- **ENTRIES SUPPLIED**

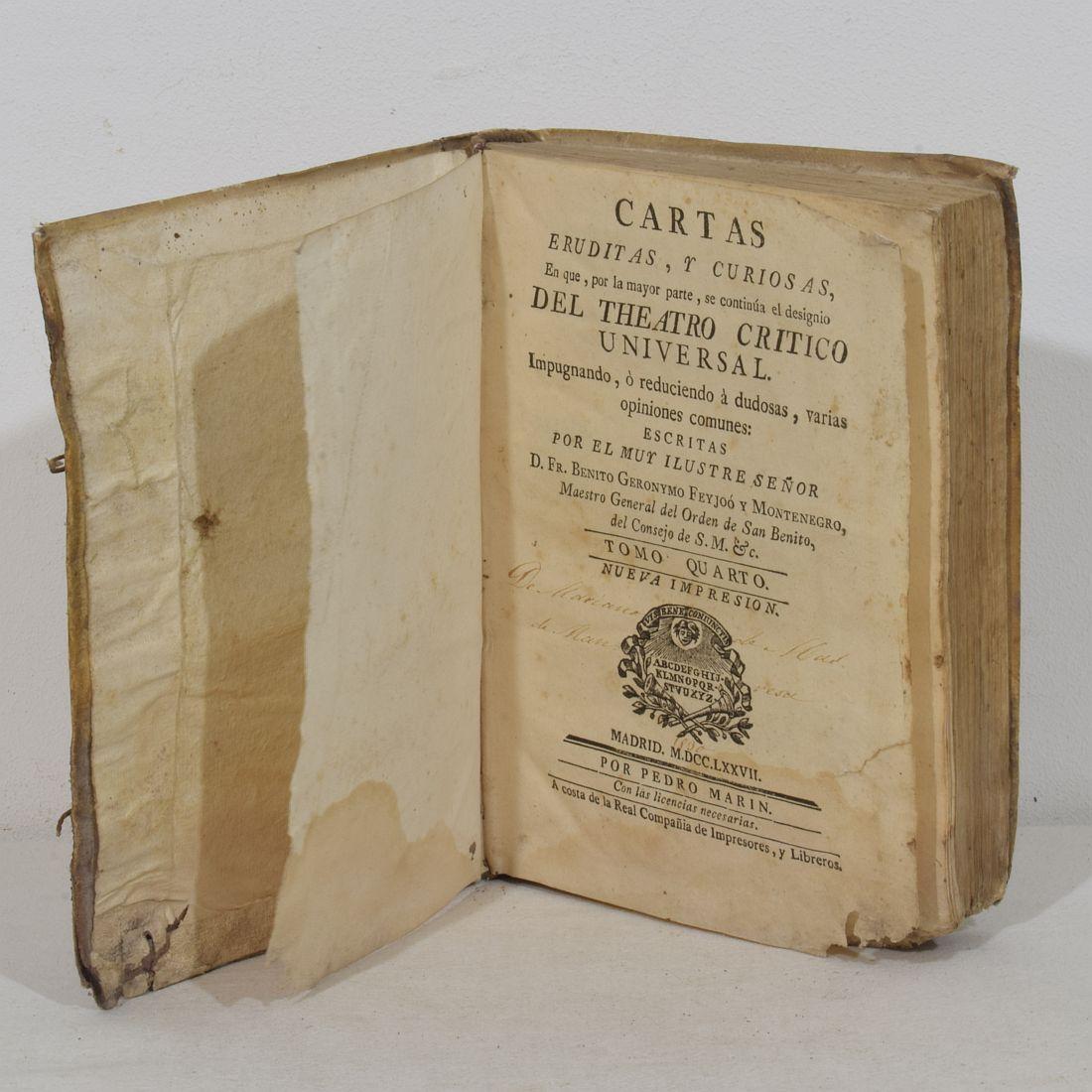 Nice Collection of 18th/ 19th Century Weathered Spanish Vellum Books For Sale 4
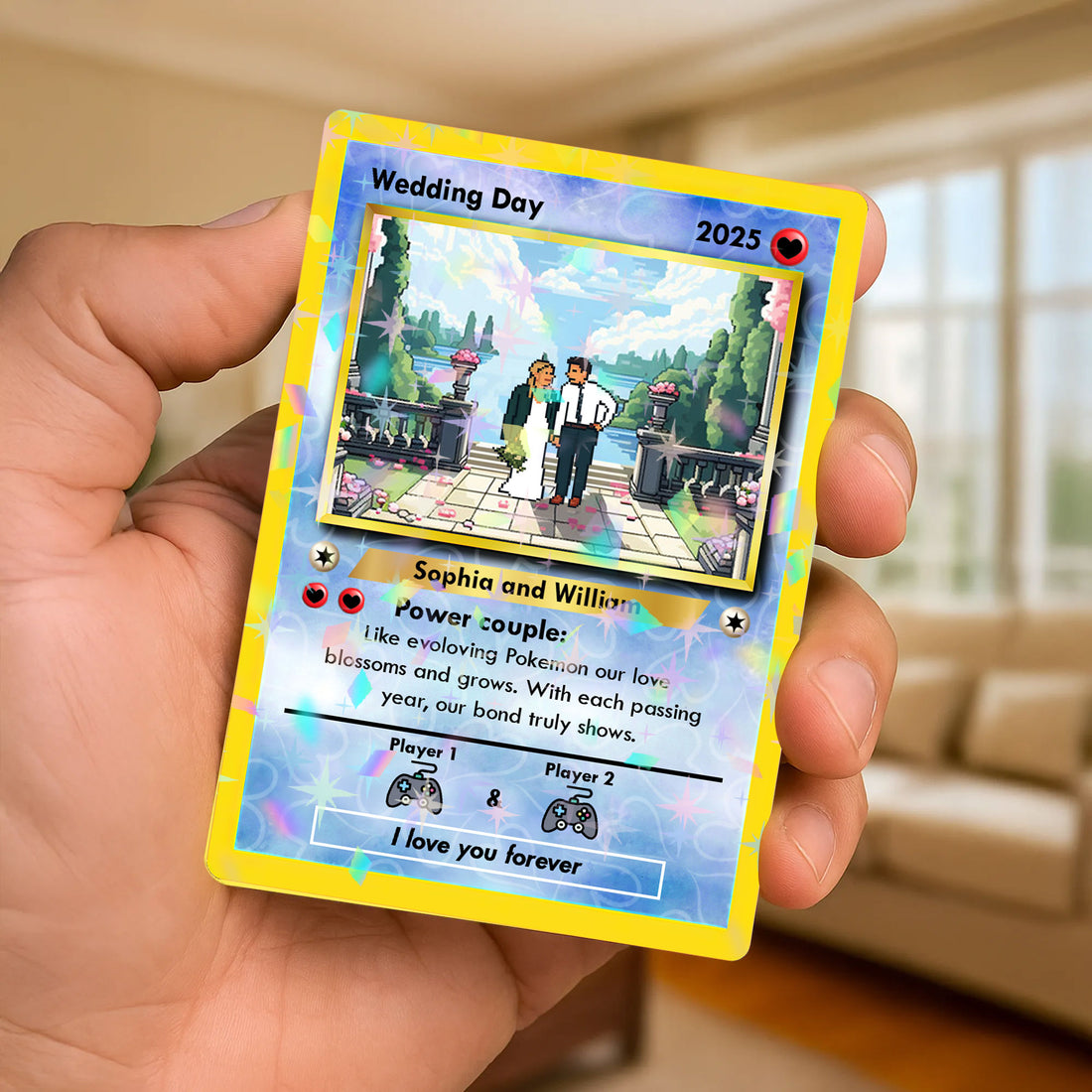 Personalized Couple Gift - Wedding Day - Custom Shape Hologram Ornament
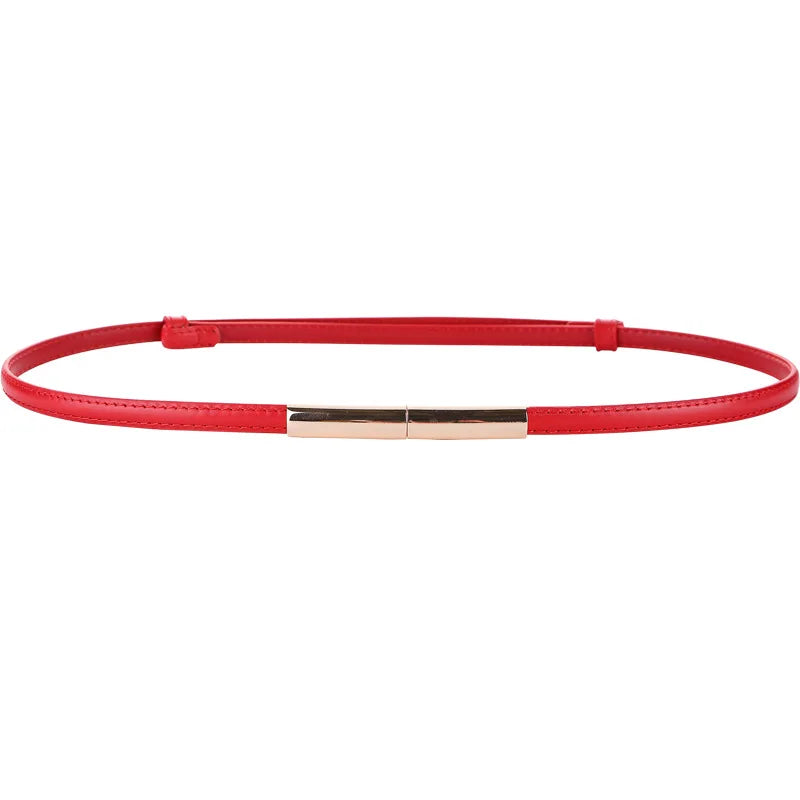 Novo cinto fino de luxo feminino moda doce cor couro genuíno fivela de ouro para vestido jeans decorativo senhora cintura
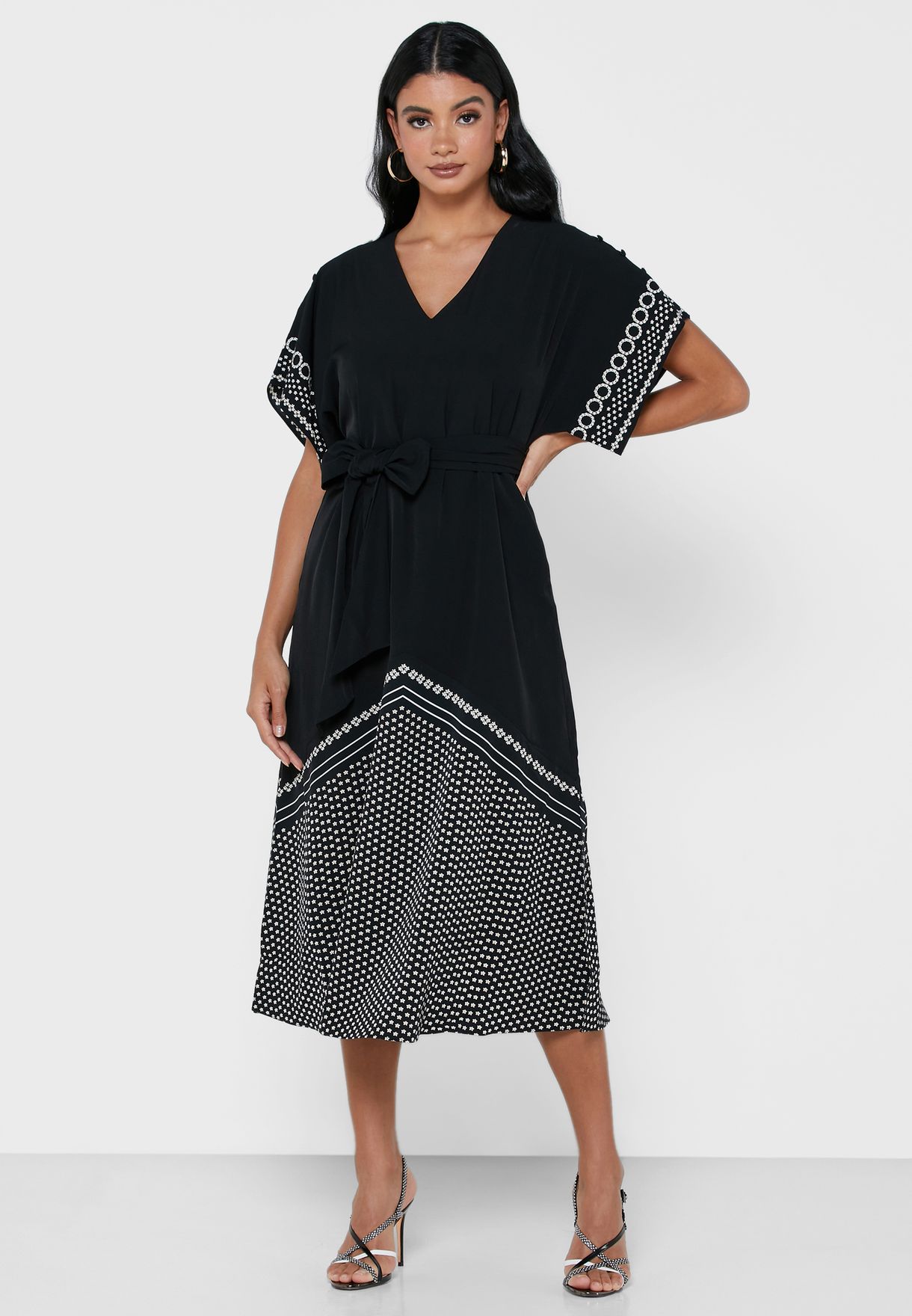 becci scarf print midi dress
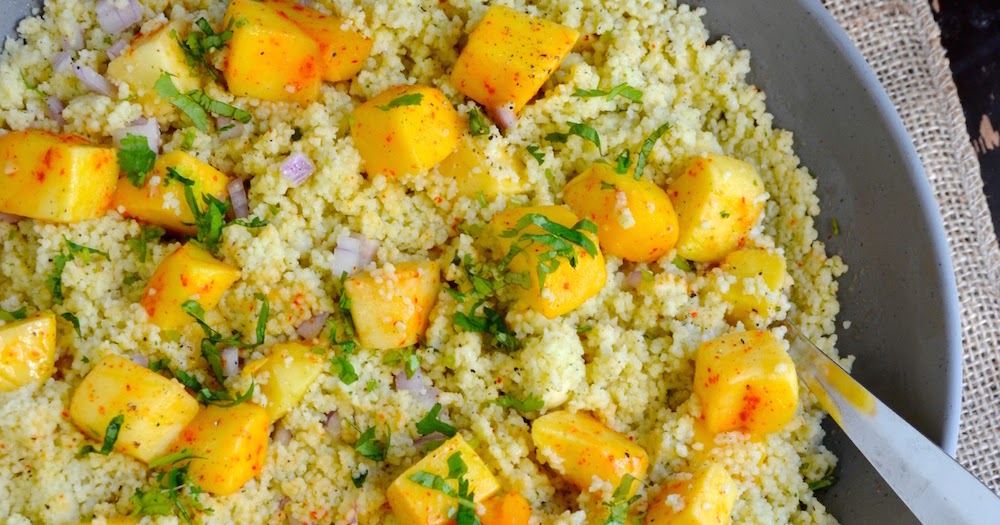 Coconut Mango Couscous Salad (+ Ideas for a Tropical Fall Party Menu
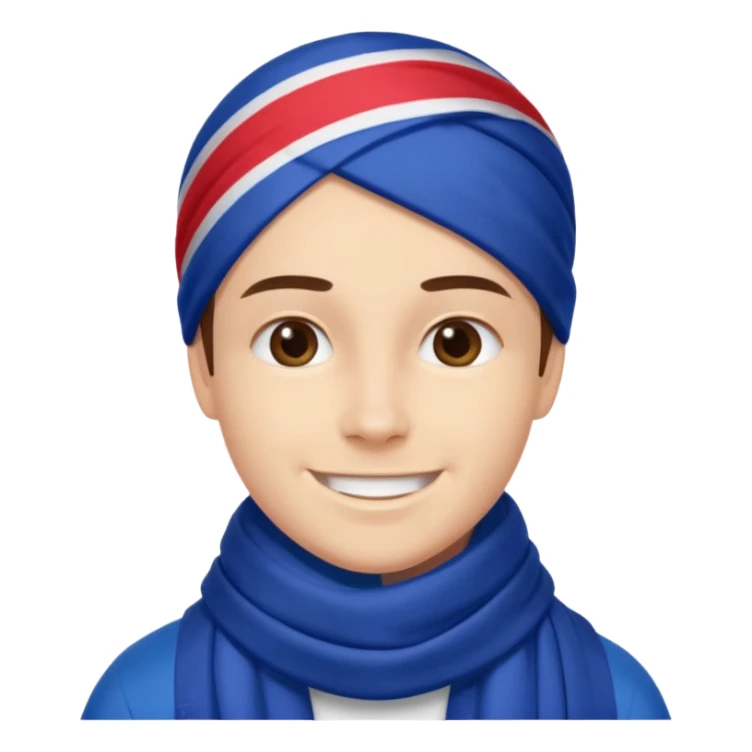 Glasgow rangers fan wearing scarf no head covering sticker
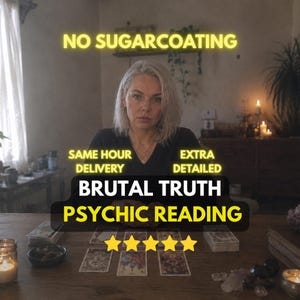 May include: A psychic reading service advertisement featuring the text NO SUGARCOATING, SAME HOUR DELIVERY, EXTRA DETAILED, BRUTAL TRUTH PSYCHIC READING, and five yellow stars. The image displays tarot cards arranged on a wooden table surface.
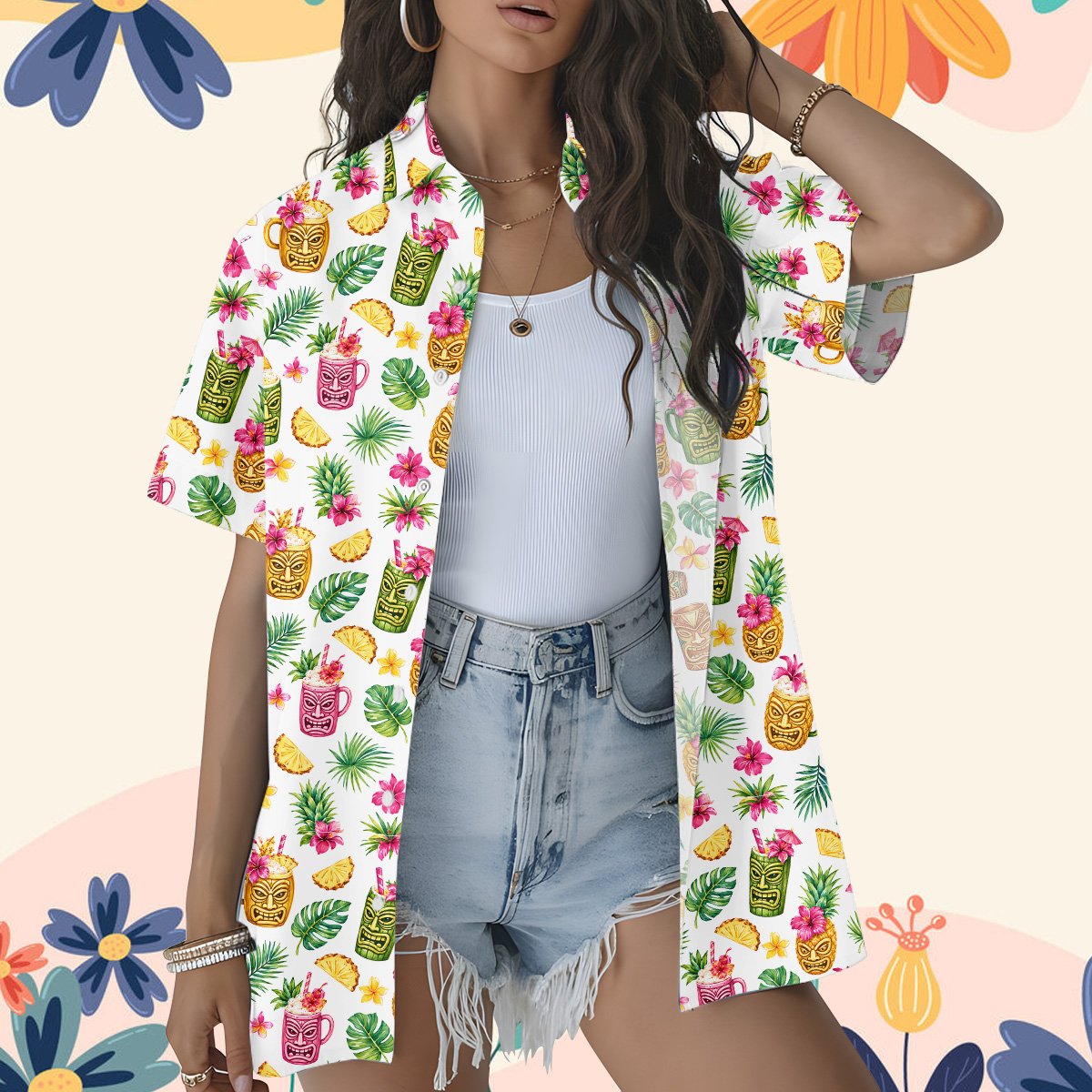 Third lifestyle view highlighting the vibrant tropical floral pattern in natural light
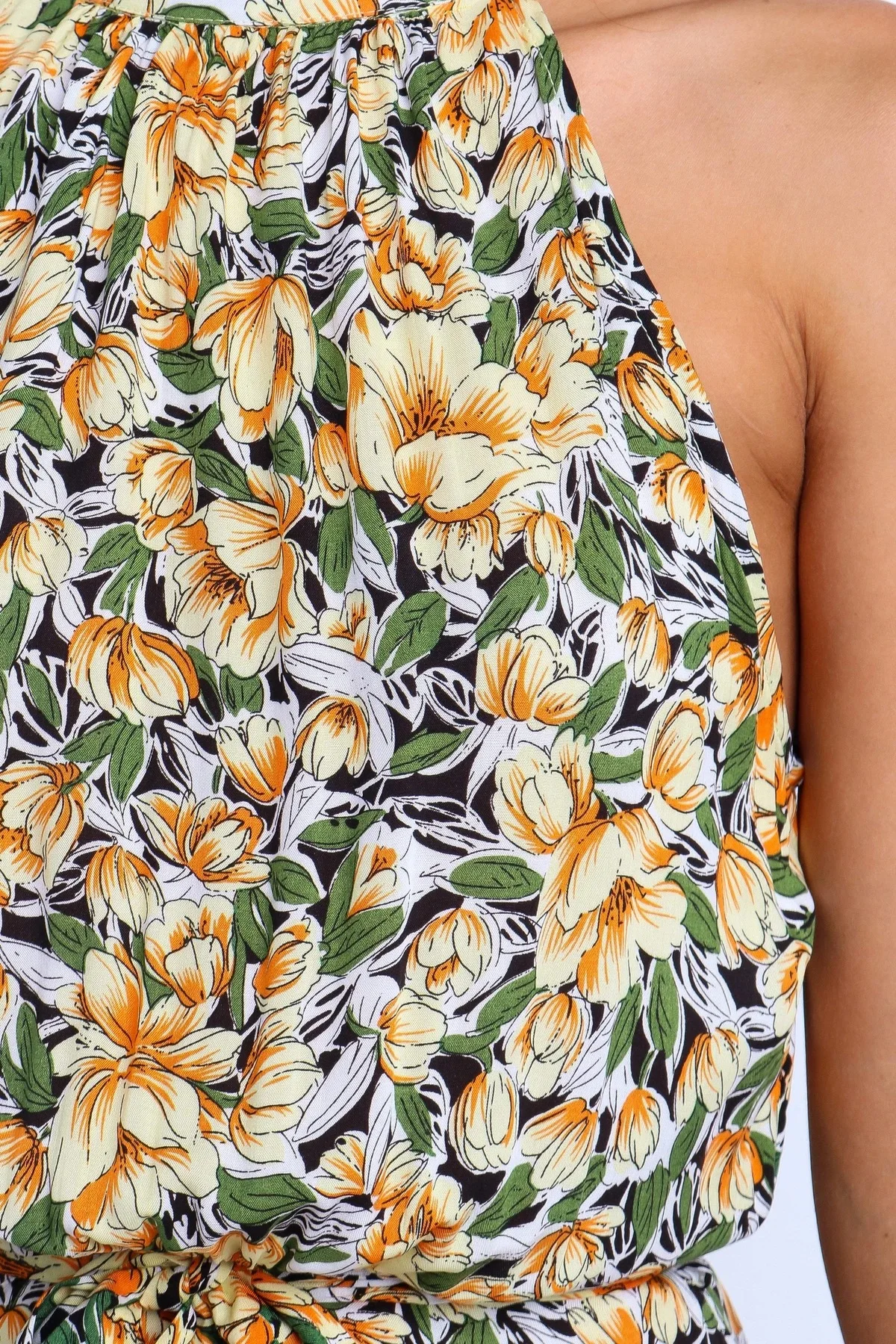 

Summer Dress Women Elegant Halter Sexy Ruffles Sleeveless Elastic waist Print Beach Holiday Party Dresses Robe Femme Vestidos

- **WHAT YOU WILL DO**
If the listing above includes images, copy every line of it exactly except those images.

- **ANSWER SECTION**
 Nice Collection of 18th/ 19th Century Weathered Spanish Vellum Books For Sale 4
 Personalized Couple Gift - Wedding Day - Custom Shape Hologram Ornament
 Novo cinto fino de luxo feminino moda doce cor couro genuíno fivela de ouro para vestido jeans decorativo senhora cintura
 becci scarf print midi dress
 Coconut Mango Couscous Salad (+ Ideas for a Tropical Fall Party Menu
 Glasgow rangers fan wearing scarf no head covering sticker
 May include: A psychic reading service advertisement featuring the text NO SUGARCOATING, SAME HOUR DELIVERY, EXTRA DETAILED, BRUTAL TRUTH PSYCHIC READING, and five yellow stars. The image displays tarot cards arranged on a wooden table surface.
 Third lifestyle view highlighting the vibrant tropical floral pattern in natural light

Summer Dress Women Elegant Halter Sexy Ruffles Sleeveless Elastic waist Print Beach Holiday Party Dresses Robe Femme Vestidos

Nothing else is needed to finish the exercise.